ホンダと日産自動車の社長が6日、会談を行い、日産の社長からホンダへ経営統合の協議を打ち切る方針が伝えられたとみられている。ホンダは日産に子会社化の提案をしたことが明らかになっているが、日産側では反発の声が相次いでいた。専門家は、統合による業界全体のメリットがあるはずで、破談した場合、日産の経営陣が今後どのような方向に日産を導くのか、責任は極めて重いと指摘する。

日産「子会社化案」に反発し統合協議を撤回へ

ホンダと日産自動車は、6日午前、両社の社長が会談を行った。この会談で、日産の社長から経営統合に向けた協議を白紙撤回する方針をホンダ側に伝えたとみられる。

この記事の画像(11枚)

ホンダと日産の経営統合を巡っては、1月末を目処に方向性を示す予定だったが、2月中旬に判断を先延ばしし、ホンダが業績が悪化している日産の株式を取得して、子会社化する案を打診していたことが明らかになっている。

こうした中、6日午前、ホンダの三部社長と日産の内田社長が、東京都内のホンダ本社で会談したことが分かった。
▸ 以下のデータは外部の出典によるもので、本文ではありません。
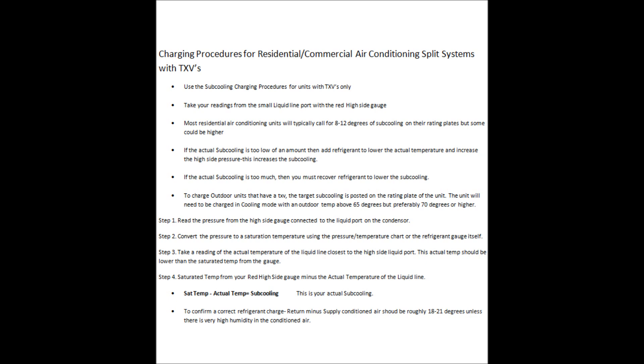To charge these units with a TXV, the target subcooling is posted on the rating plate. You want to have 70 degrees outside and a load on the building when checking the system, but at least 65 degrees will work. You need some type of load on the building so the evaporator coil can absorb heat and the outdoor unit operates within normal parameters to reject that heat.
日産は5日に開いた取締役会で子会社化案について議論したが、反発の声が相次いでおり、内田社長から経営統合に向けた協議を白紙撤回する方針を、ホンダ側に伝えたとみられている。

EV投資の遅れ・販売不振で再建が急務

「Live News α」では、早稲田大学ビジネススクール教授の長内厚さんに話を聞いた。

堤礼実キャスター:
経営統合の協議が打ち切りの見通しとなっていますが、どうご覧になりますか。

早稲田大学ビジネススクール教授・長内厚さん:
少しひねくれた見方をすれば、日産が大胆な経営改革に踏み切れないことに嫌気を感じたホンダが、断わられることを覚悟で敢えて子会社化提案を行った、なんてこともあったのかもしれません。

いずれにしても、日産の再建は急務ですが、それを単独でやり遂げるのは難しい状況にあります。

堤キャスター:
具体的には、どういった課題に直面しているのでしょうか。

早稲田大学ビジネススクール教授・長内厚さん:
先々の話で言えば、自動車メーカーは将来のEVシフトや、ソフトウェア先行で自動車を開発するSDVと呼ばれる次世代の車に巨額な投資を行う必要があるのですが、日産はその手当を失う形になります。

しかし、こうした将来の備え以前にそもそも日産には、現在の市場で「今売れる車がない」という根本的な問題に直面しています。

これは、カルロス・ゴーンのマネジメント以降、効率性を過度に重視し、EV以外への投資を極度に怠ったためでもあります。日産はすぐにでも、足元の既存ビジネスを立て直す必要があると思います。

「どのような方向に日産を導くのか」経営陣に重責

堤キャスター:
新たなパートナーを探すことで状況を好転させる可能性については、いかがですか。

早稲田大学ビジネススクール教授・長内厚さん:
日産と対等な関係であり、かつ日産を支えることができるような都合の良い相手が本当にいるのでしょうか。

今後、過度なリストラを繰り返して、最終的には外資の傘下に入るというようなことになれば、「あの時、ホンダと組んでいれば」ということになりかねないかもしれないですね。

堤キャスター:
今回の経営統合の協議打ち切りの見通し、日本の自動車産業にどういった影響があるのでしょうか。

早稲田大学ビジネススクール教授・長内厚さん:
ホンダ・日産の統合がなされれば、日本ではトヨタとホンダ・日産という2つの大きなグループが誕生する訳で、両社が切磋琢磨することで、国内の自動車部品のサプライヤーなど産業全体にもメリットがあるはずです。

何よりも大切なことは、日産やその先の日本の自動車産業全体の雇用を守ることだと思います。その意味でホンダとの協議が破断した場合、日産の経営陣がどのような方向に日産を導くのか、その責任は極めて重いと言えそうです。